28/07/2022
je ne me rebute pas aisément, et toutes les fois qu'il s'agira de défendre l'innocence contre les oppresseurs je combattrai jusqu'à mon dernier soupir
... Combien d'entre nous peuvent en dire autant ?
« A Charles Manoël de Végobre, Avocat
à Genève
Je vous demande pardon, monsieur, si je ne vous ai pas remercié plus tôt de votre lettre . J'ai eu beaucoup de difficultés à surmonter pour les Sirven, mais je ne me rebute pas aisément, et toutes les fois qu'il s'agira de défendre l'innocence contre les oppresseurs je combattrai jusqu'à mon dernier soupir . Il y a trois ans que je poursuis cette affaire, et j'espère encore voir le succès avant ma mort .

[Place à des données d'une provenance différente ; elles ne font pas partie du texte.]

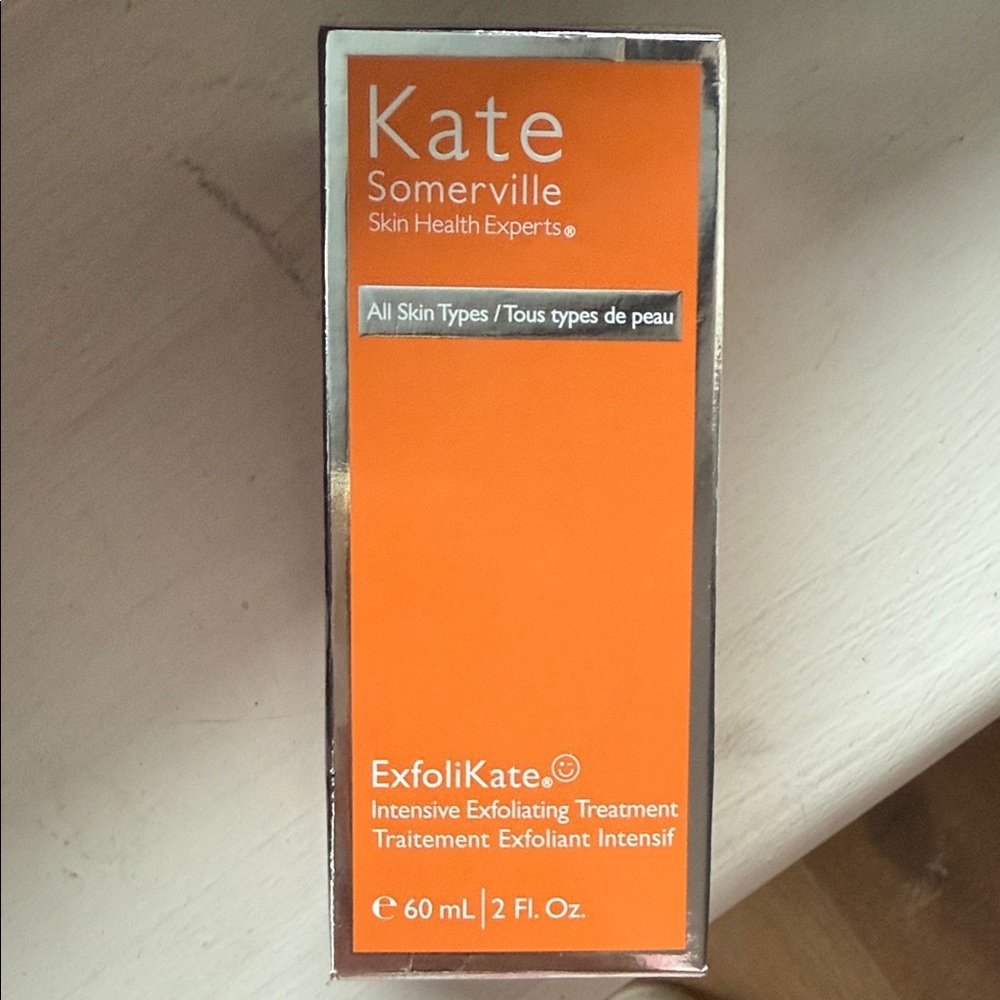 Kate Somerville ExfoliKate Skincare Cleanser - new in box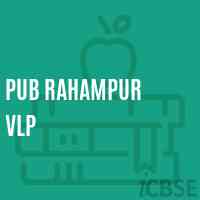 Pub Rahampur Vlp Primary School Logo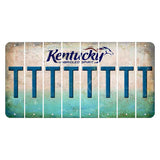 Kentucky Unbridled Spirit Cut License Plate Strips (Set of 8) T
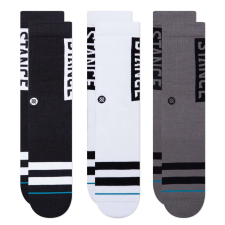  Stance the og 3 pack zokni unisex színes l férfi zokni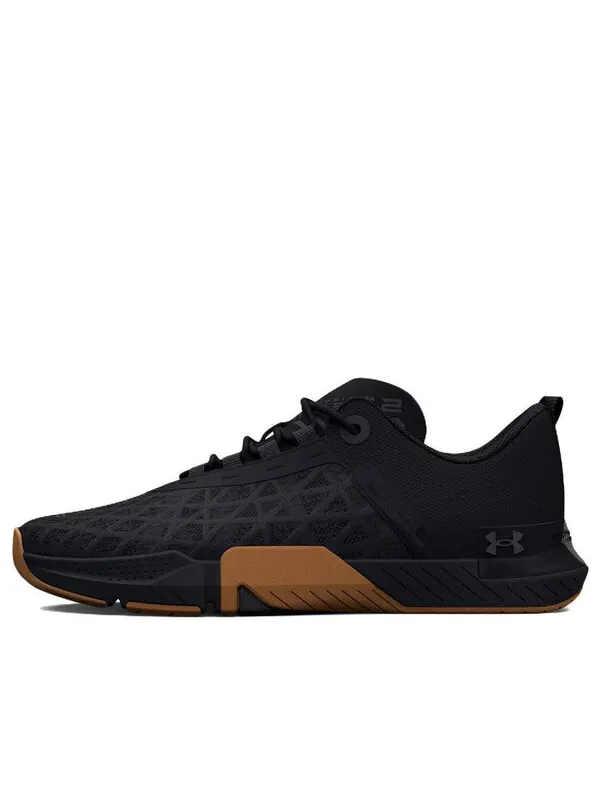 Кроссовки tribase reign 5 'black gum' Under Armour — изображение 1 из 4, черный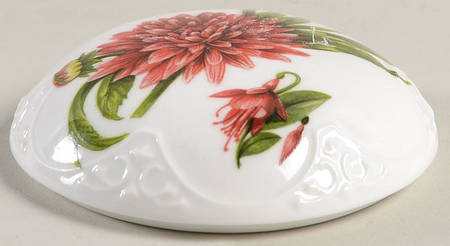 Chelsea Flowers Lid for Round Clyde Box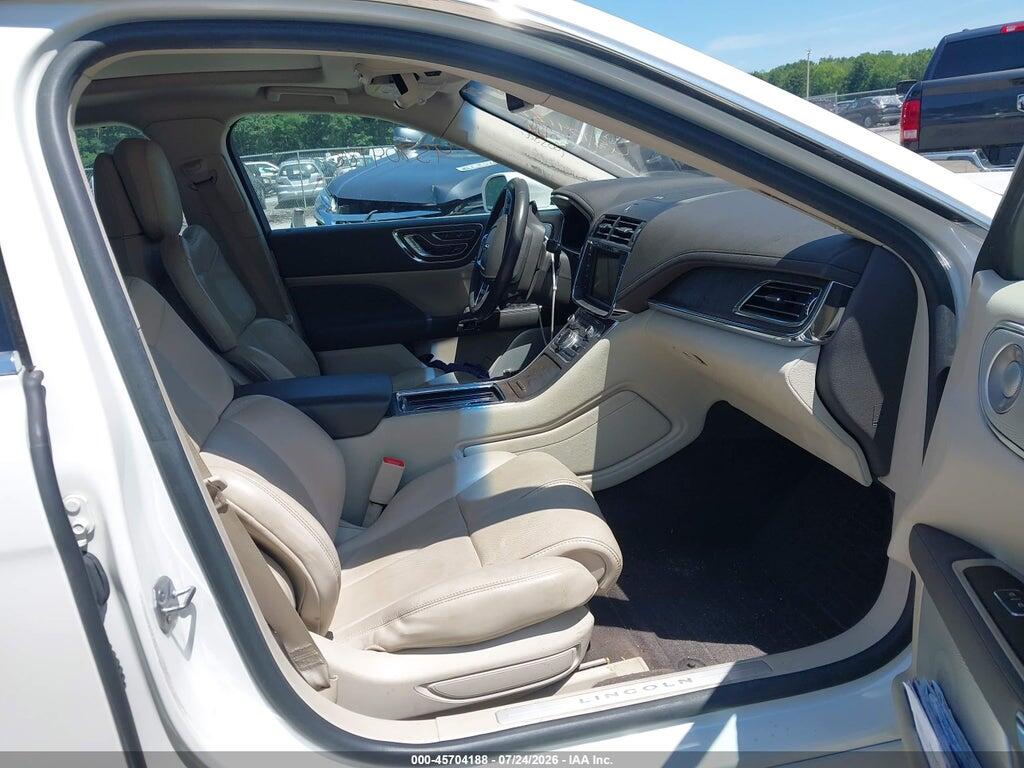 1LN6L9NC4J5605700 2018 LINCOLN CONTINENTAL photo no. 5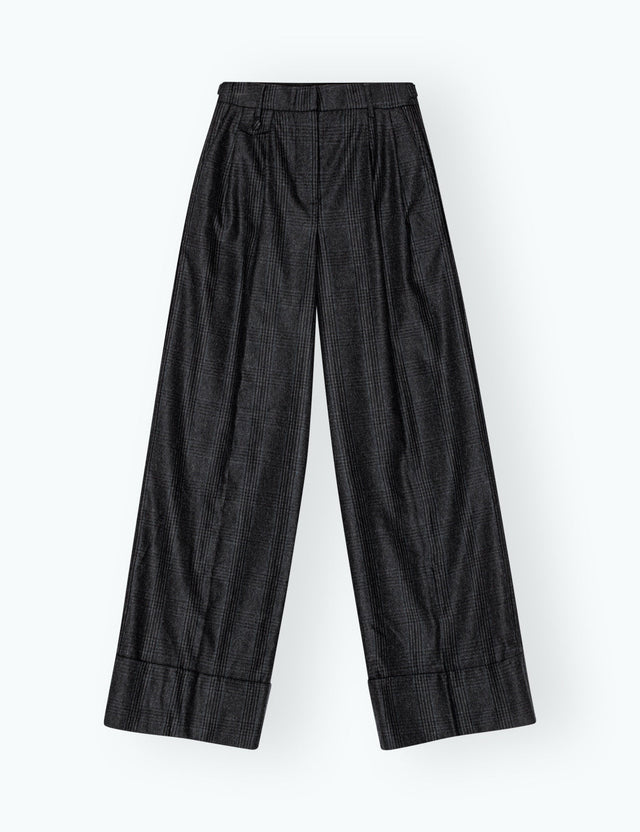 REMAIN Birger Christensen - Wide Suiting Pants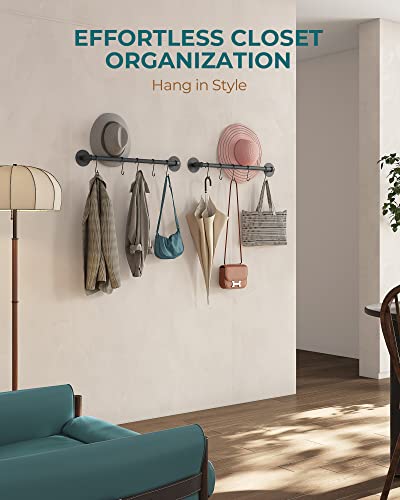 Oropy Wall Mounted Pot Pan Rack 21'' Set Of 2 thumb #7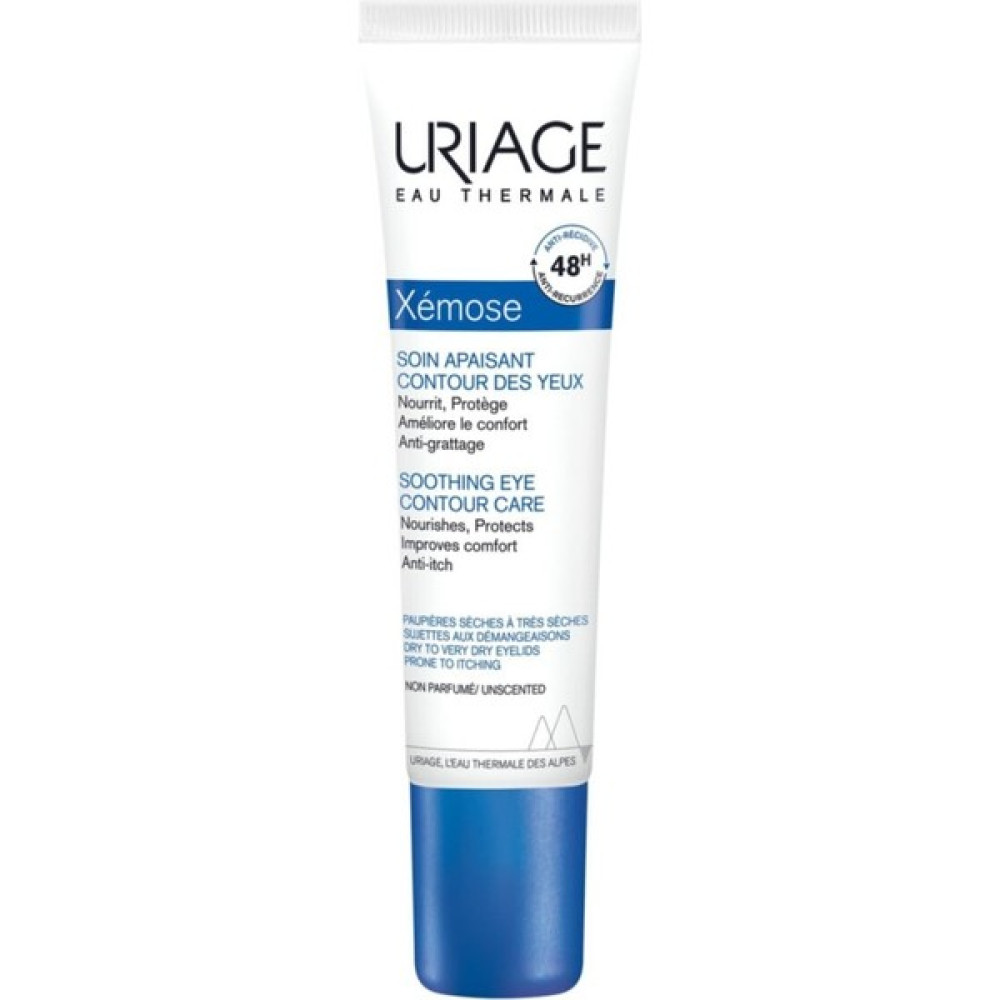 Urıage Xemose Soothing Eye Contour Care 15ML Atopik ve Kuru Ciltler Için Göz Çevresi Bakım Kremi Göz Kremi Fiyatı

M . le duc de Choiseul a donné le brevet le plus honorable, le plus ample et le plus favorable à Mlle Calas au sujet de son mariage avec le ministre de la chapelle de l'ambassadeur de Hollande à Paris 1. C'est une grande nouvelle . Il faudra bien en venir à la fin au dogme abominable de la tolérance . Mais souvenez-vous un jour, vous autres ennemis des usurpations papales, d'être tolérants à votre tour .
Adieu, monsieur, permettez-moi de vous embrasser tendrement sans cérémonie.
V.
25è février 1767 à Ferney. »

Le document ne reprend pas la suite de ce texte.